• [EXERCISE DATA]
* * * * *

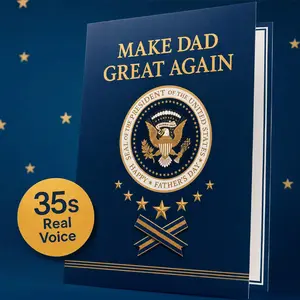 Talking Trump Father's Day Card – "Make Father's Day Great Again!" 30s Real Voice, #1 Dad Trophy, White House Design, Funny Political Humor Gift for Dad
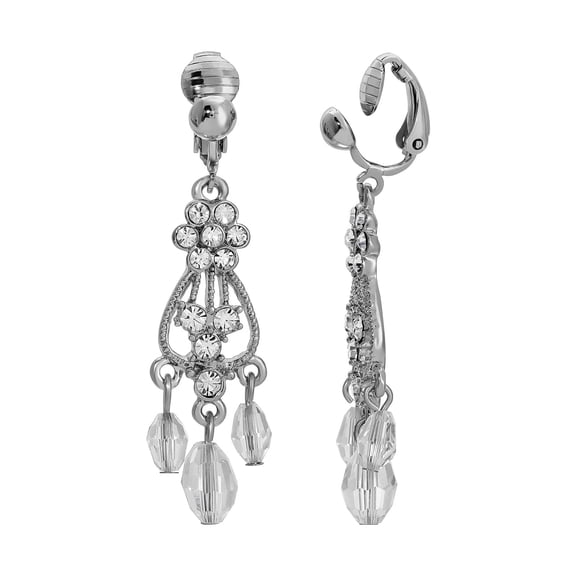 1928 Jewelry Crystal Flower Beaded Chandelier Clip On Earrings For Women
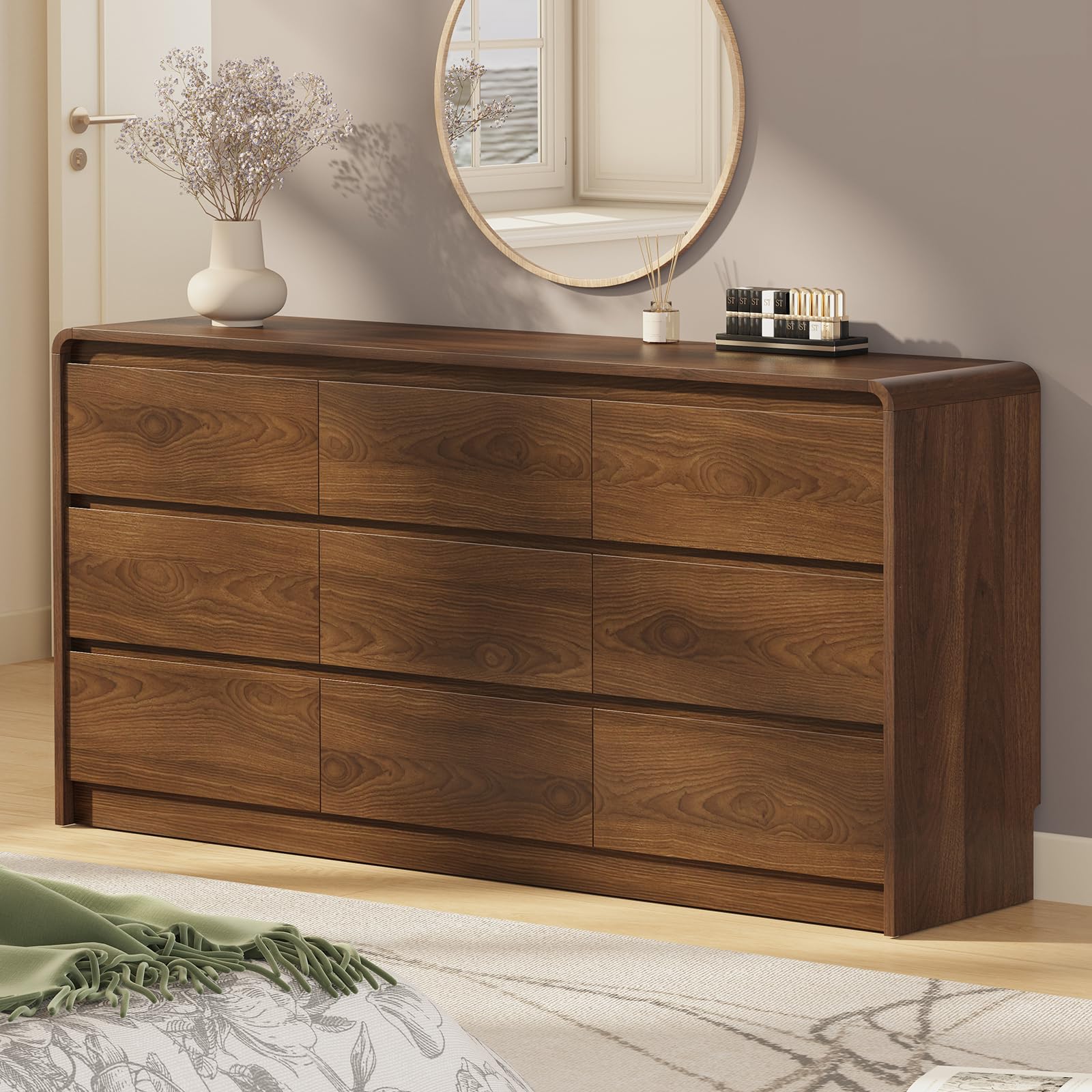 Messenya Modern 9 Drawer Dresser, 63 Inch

* * * * *

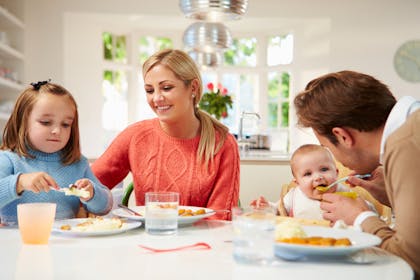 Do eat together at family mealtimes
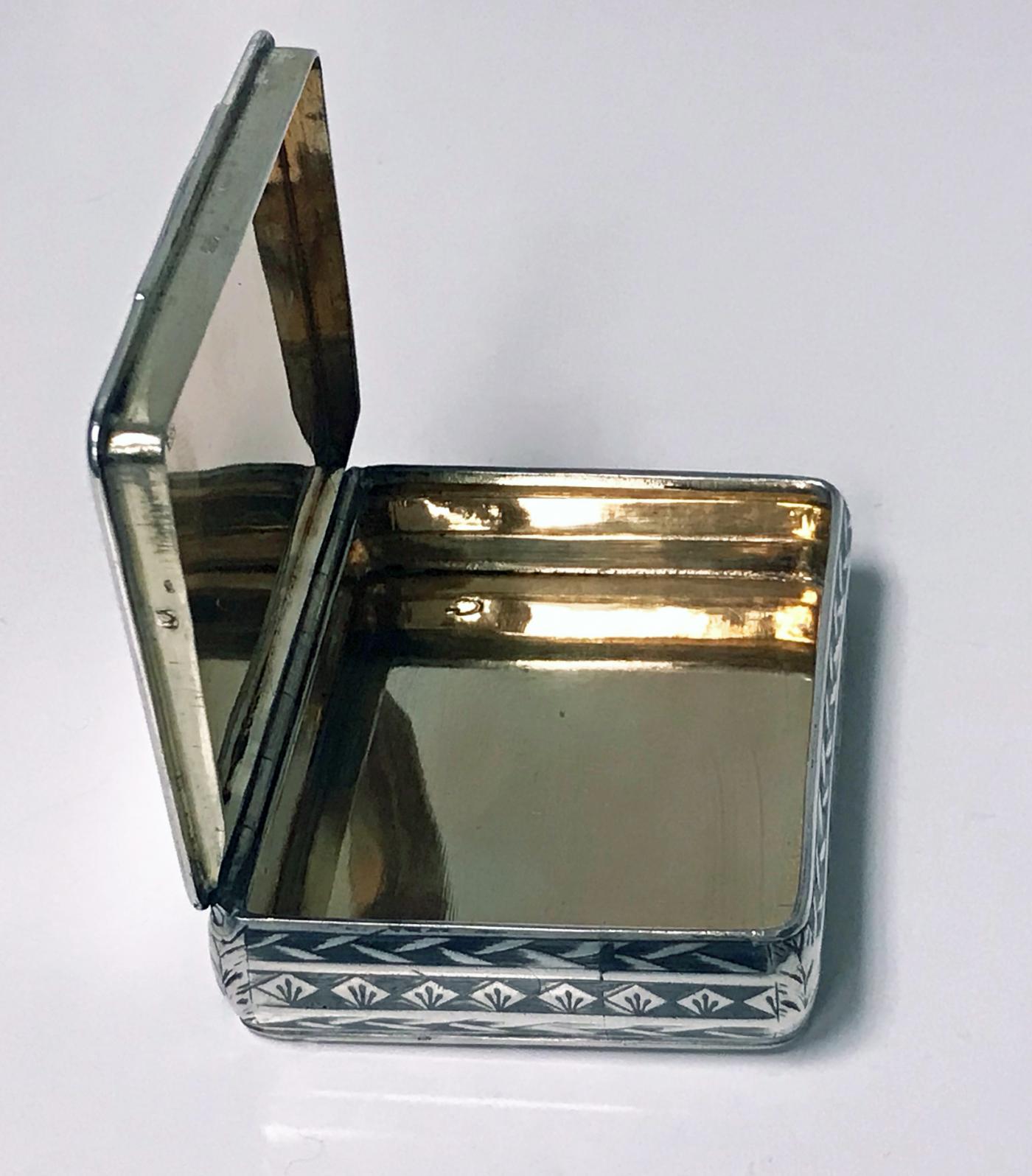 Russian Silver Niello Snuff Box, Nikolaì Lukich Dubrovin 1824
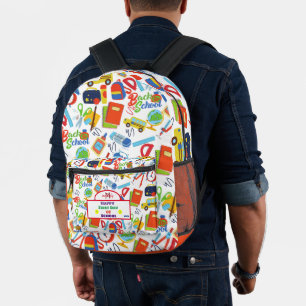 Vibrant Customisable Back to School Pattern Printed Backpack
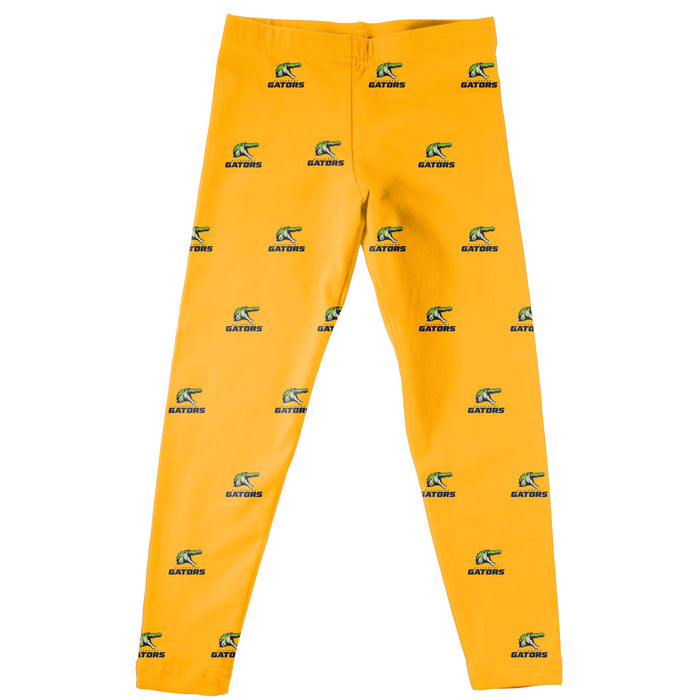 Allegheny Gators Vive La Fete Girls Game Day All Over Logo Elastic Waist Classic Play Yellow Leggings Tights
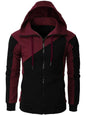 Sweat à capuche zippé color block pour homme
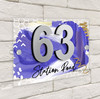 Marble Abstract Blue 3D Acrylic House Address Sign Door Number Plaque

* * * * *

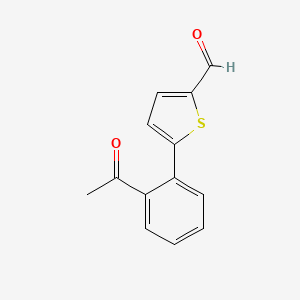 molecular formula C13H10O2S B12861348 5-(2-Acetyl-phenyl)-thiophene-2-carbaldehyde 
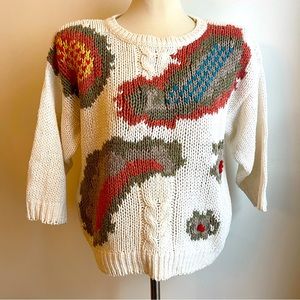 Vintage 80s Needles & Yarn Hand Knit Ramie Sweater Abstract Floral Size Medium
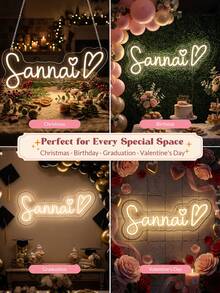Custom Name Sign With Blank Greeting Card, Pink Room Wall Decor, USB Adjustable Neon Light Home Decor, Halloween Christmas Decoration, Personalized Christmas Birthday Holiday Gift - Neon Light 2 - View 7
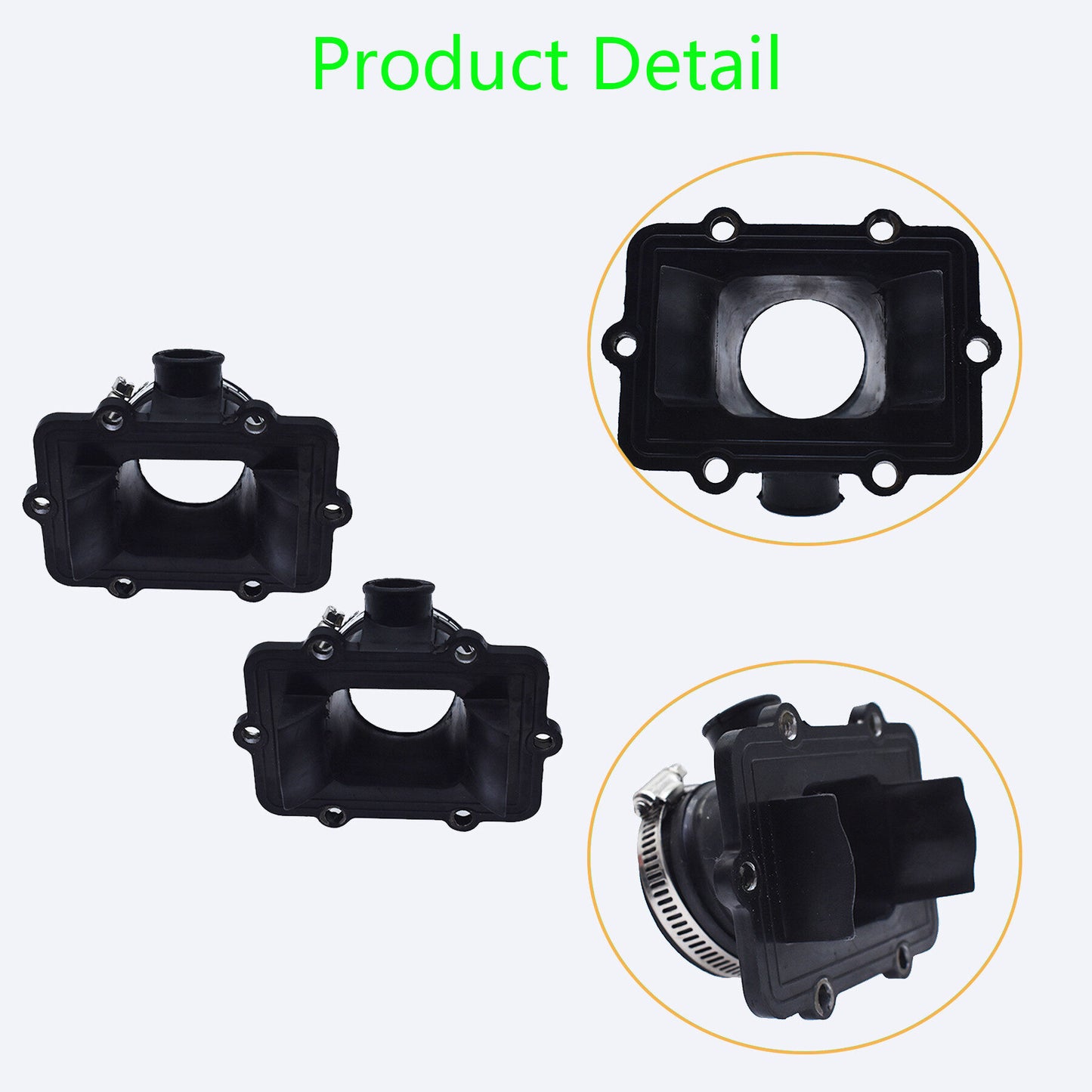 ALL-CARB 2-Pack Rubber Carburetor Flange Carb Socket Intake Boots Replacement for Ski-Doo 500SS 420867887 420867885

* * * * *

• [TASK DIRECTIONS] Copy the lines above exactly, starting at the one with "Vintage 80s Needles" and ending at the one with "ALL-CARB 2-Pack Rubber", both included. Leave out any pictures and add nothing else.

• [SOLUTION TO THE PROBLEM]
 Vintage 80s Needles & Yarn Hand Knit Ramie Sweater Abstract Floral Size Medium
Custom Name Sign With Blank Greeting Card, Pink Room Wall Decor, USB Adjustable Neon Light Home Decor, Halloween Christmas Decoration, Personalized Christmas Birthday Holiday Gift - Neon Light 2 - View 7
 ALL-CARB 2-Pack Rubber Carburetor Flange Carb Socket Intake Boots Replacement for Ski-Doo 500SS 420867887 420867885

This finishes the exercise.